Speaking to supporters in Netivot, he recounted an occasion in which Rabbi Ovadia Yosef ztz”l was present at a ceremony for “crowning” a new rabbi. Cohen himself was a young man at the time.
He was surprised to see Rabbi Ovadia standing along with the other people present when the anthem, Hatikva, was sung. “I said, 'What are these people, crazy? What, are they crowning a prime minister? What is this? I did not stand,” he recounted. “Everyone stood. I asked the rabbi, 'Why did you say [it]?' He said: 'I will tell you the truth, I said [the] Aleinu Leshabeah [prayer].”
"Why did he say Aleinu Leshabeah, why? He did not want this song, this stupid song, to influence him in any way,” Rabbi Cohen told the crowd. He added that a person who was present told him he had thought about punching him when he refused to stand for the anthem, and that he replied – 'Go ahead and see what you will get.'”

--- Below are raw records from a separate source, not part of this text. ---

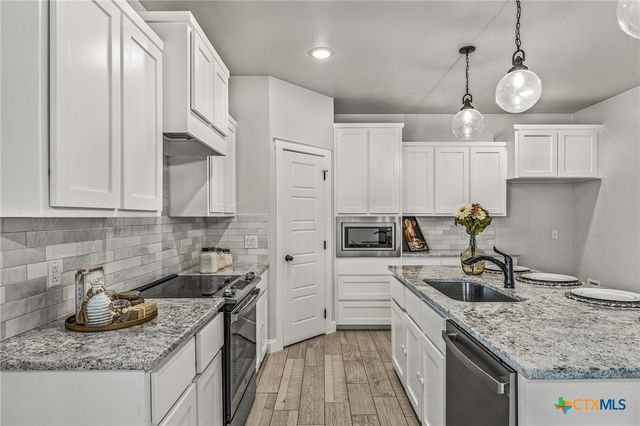 220 Pecan Meadow Lane, Harker Heights, TX 76548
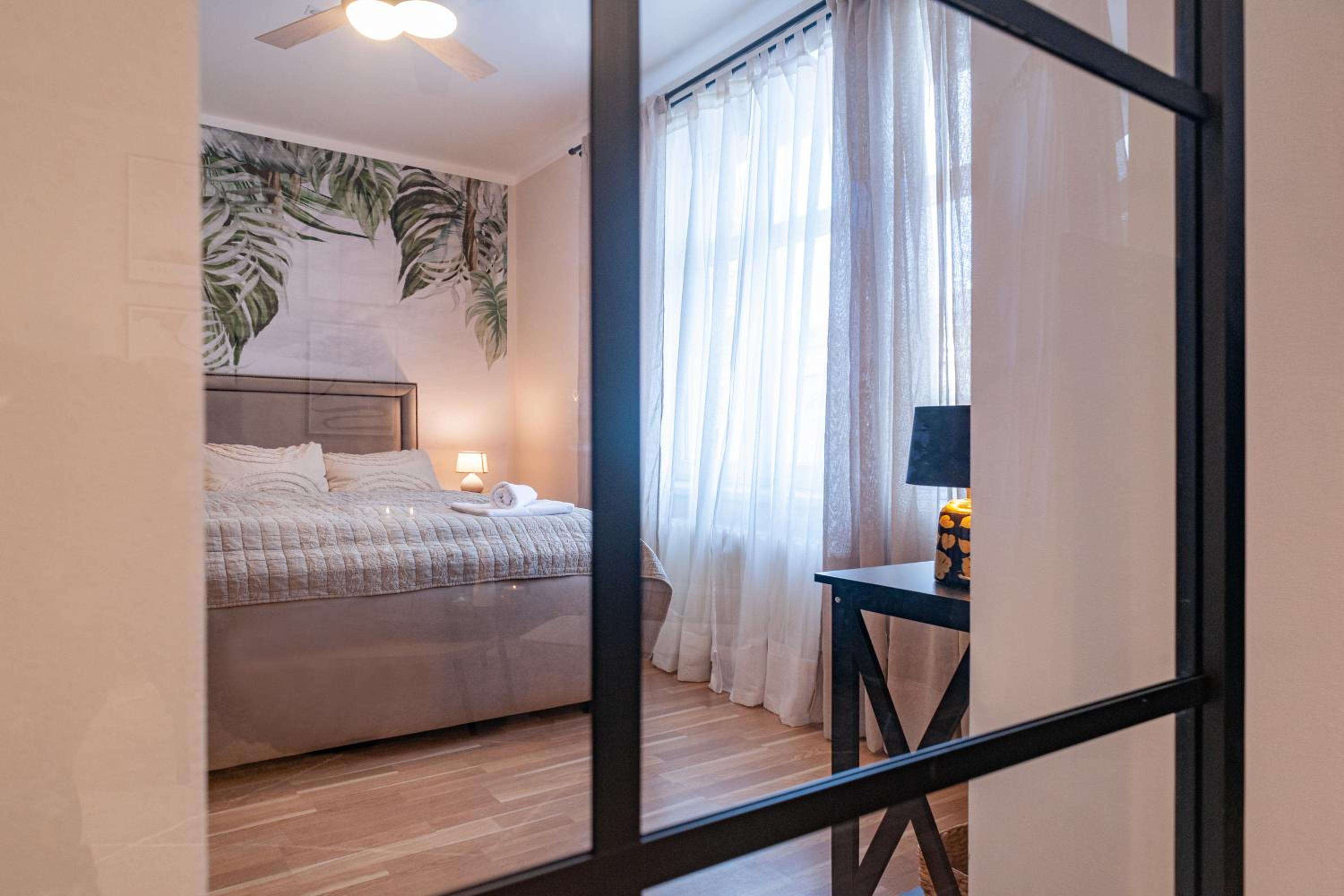 One-Bedroom Apartment - Photo 8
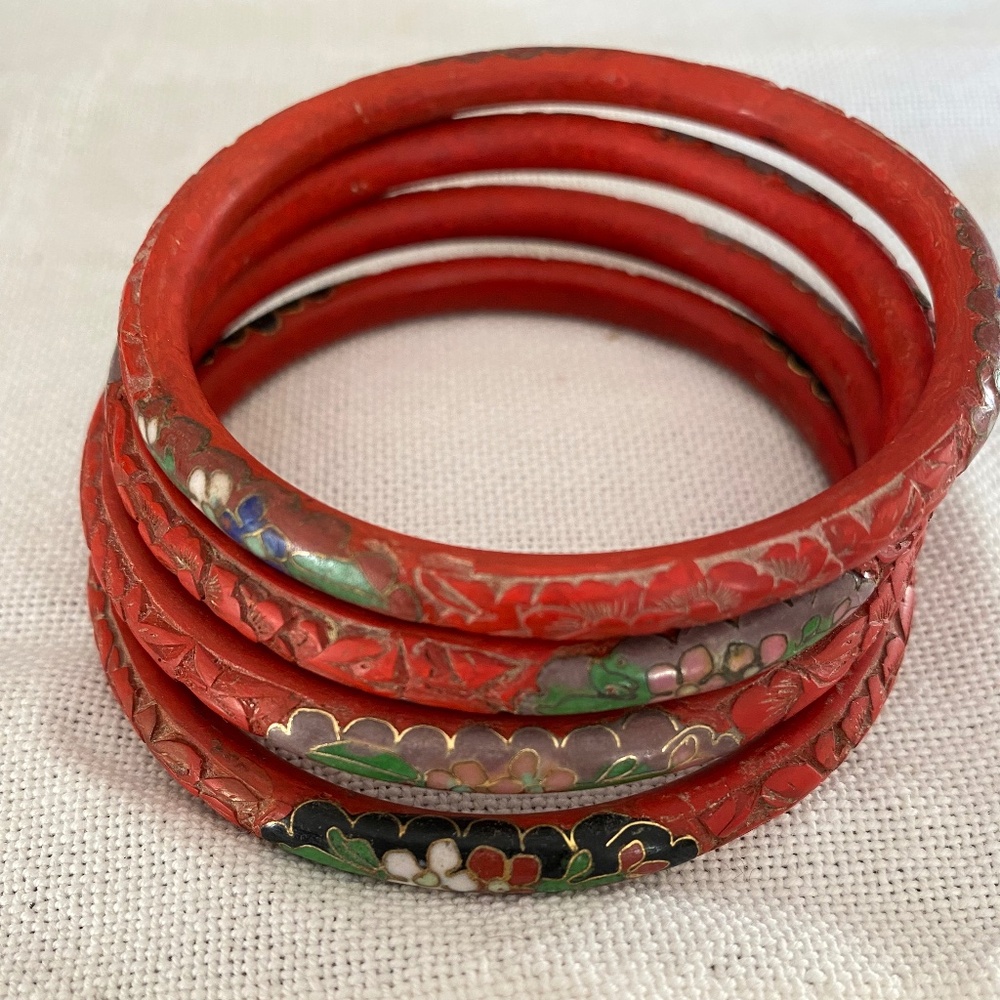 Vintage Antique Chinese Carved Cinnabar & Cloisonné Bangles Bracelets - Picture 4 of 6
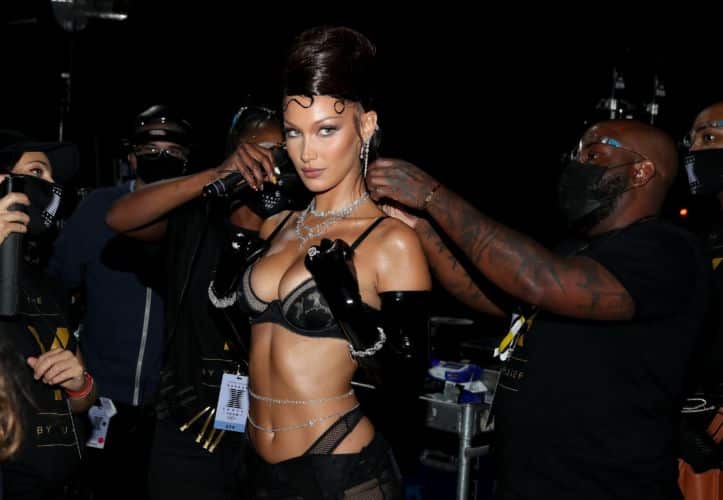 Bella Hadid, en el desfile Savage x Fenty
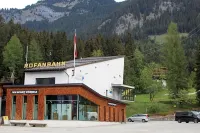 Alpenhotel Edelweiss - parking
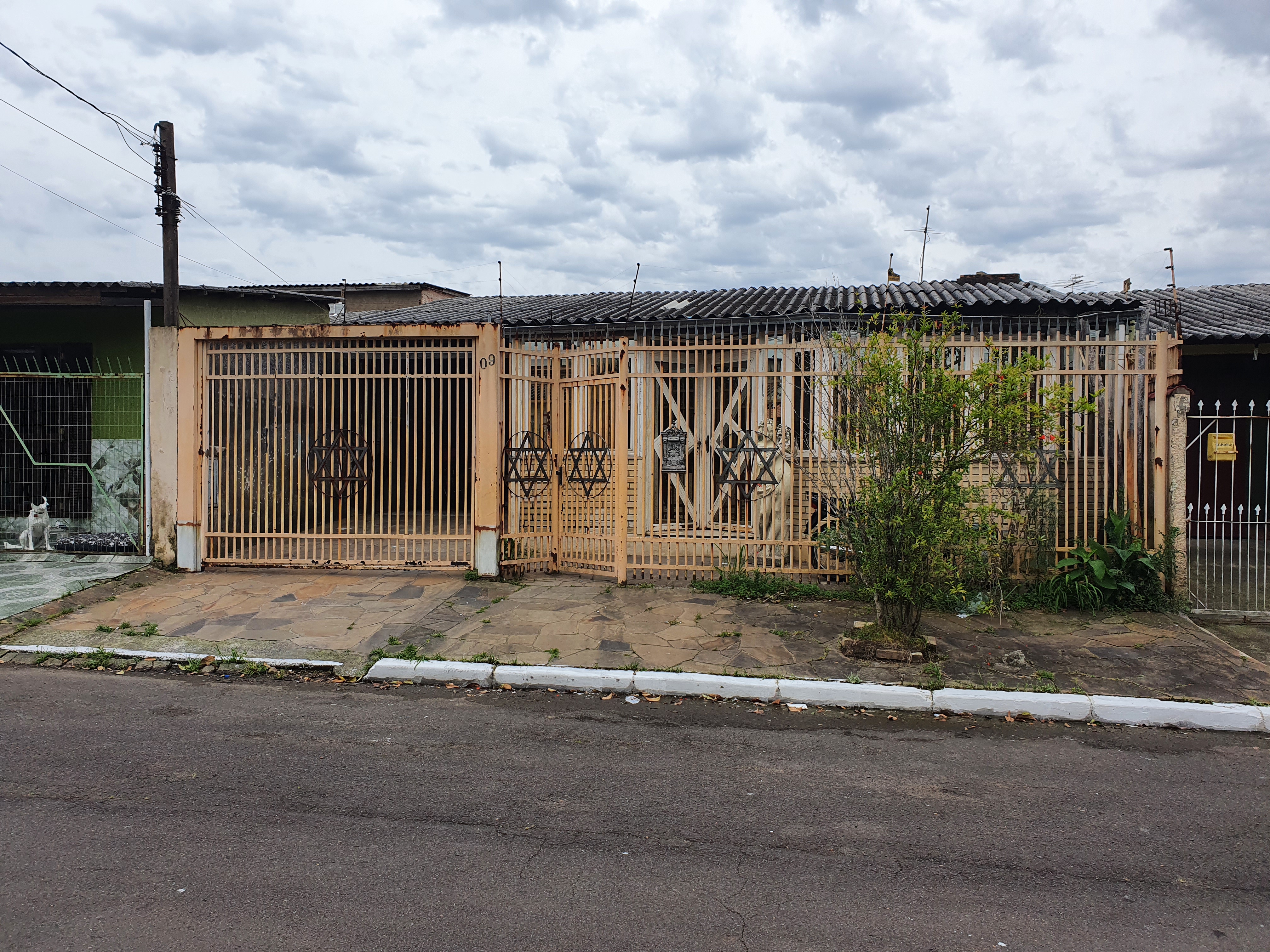 Foto de CASA DE ALVENARIA Nº 88, DA RUA 60-B, BAIRRO GUAJUVIRAS, CANOAS/RS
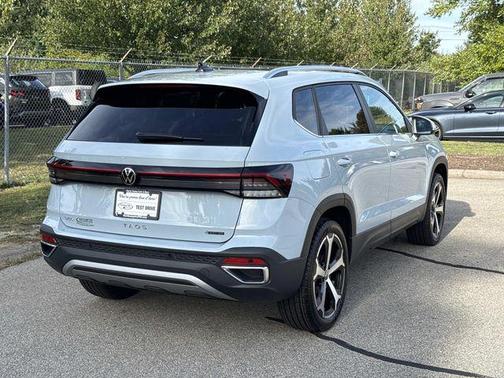 2025 Volkswagen Taos 1.5T SEL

Asked for a response, Shas issued a statement saying: “No one will teach the Wise Shalom Cohen, who grew up between the walls of Jerusalem his entire life, about Zionism and the way to regard the Land of Israel. It is his right and obligation to think that the sources of the Torah of Israel are ten times better than a song that was only created in recent decades. We respect every person for the way in which he chooses to connect to Zion,. What is important is the very connection of the Nation of Israel to its land, and not the way in which it is carried out.”